Stored data:
- - - -

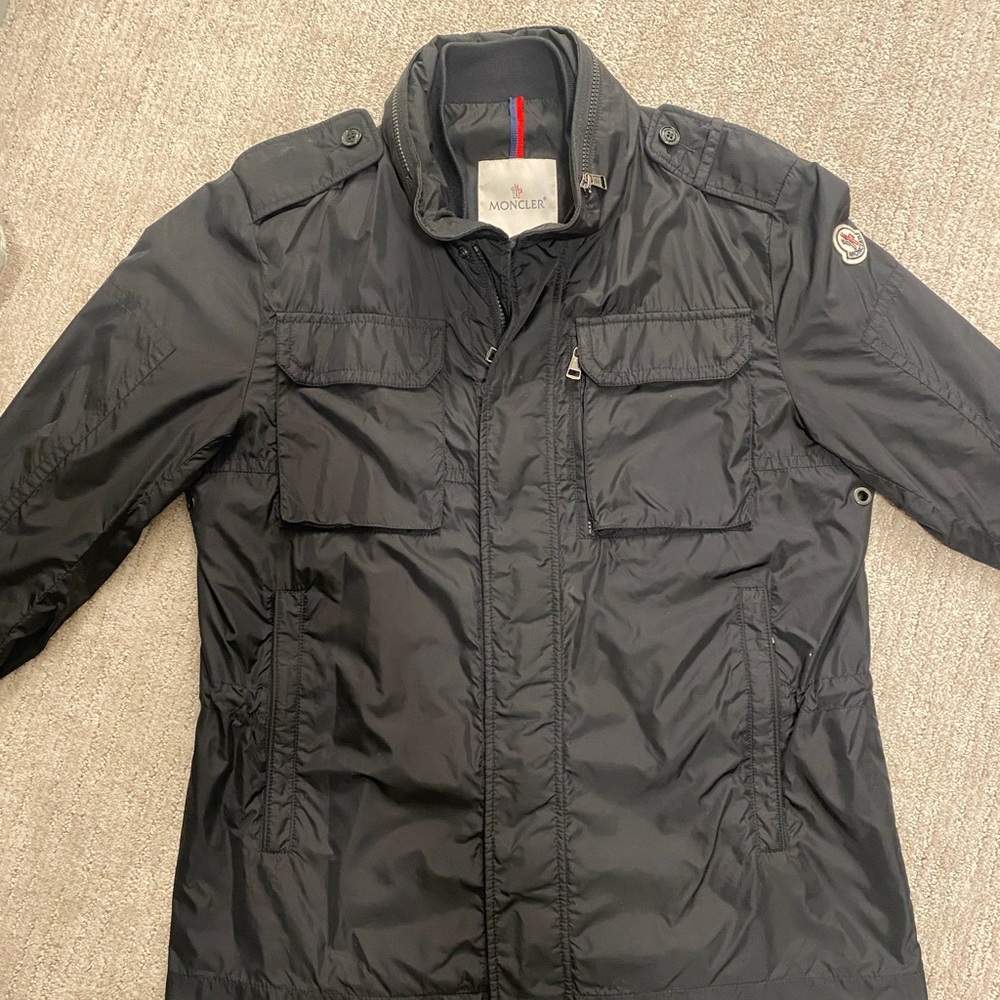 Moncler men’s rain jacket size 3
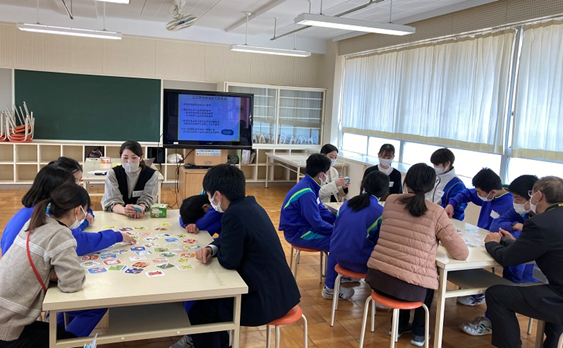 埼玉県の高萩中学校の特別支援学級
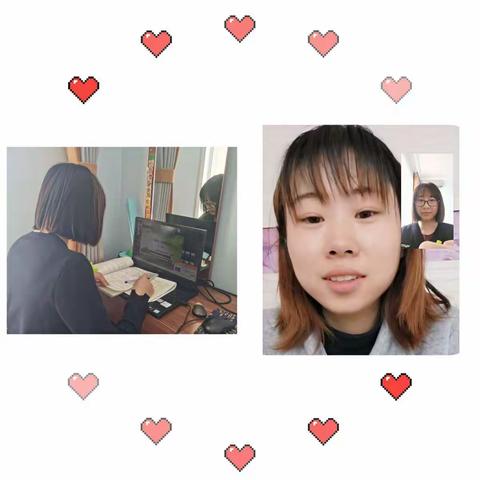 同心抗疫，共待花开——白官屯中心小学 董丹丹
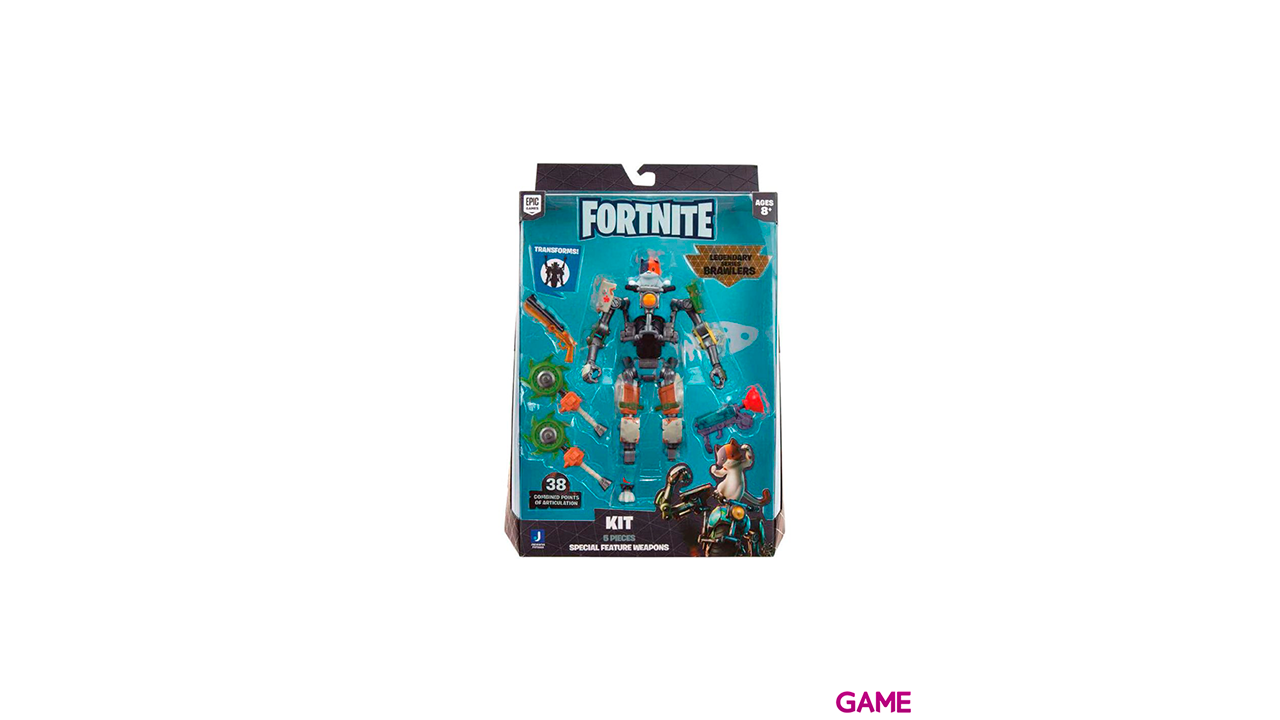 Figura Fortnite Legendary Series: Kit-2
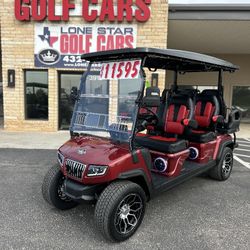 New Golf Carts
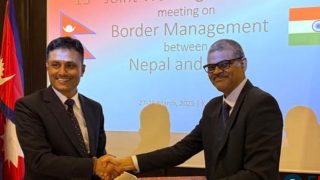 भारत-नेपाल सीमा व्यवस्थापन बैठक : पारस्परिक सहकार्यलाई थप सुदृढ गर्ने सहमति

- - - -

=== What is required ===
Please set down each entry word for word, without its images.

=== Written answer ===
 Moncler men’s rain jacket size 3
 埼玉県の高萩中学校の特別支援学級
 同心抗疫，共待花开——白官屯中心小学 董丹丹
 Figura Fortnite Legendary Series: Kit-2
 New Golf Carts
 भारत-नेपाल सीमा व्यवस्थापन बैठक : पारस्परिक सहकार्यलाई थप सुदृढ गर्ने सहमति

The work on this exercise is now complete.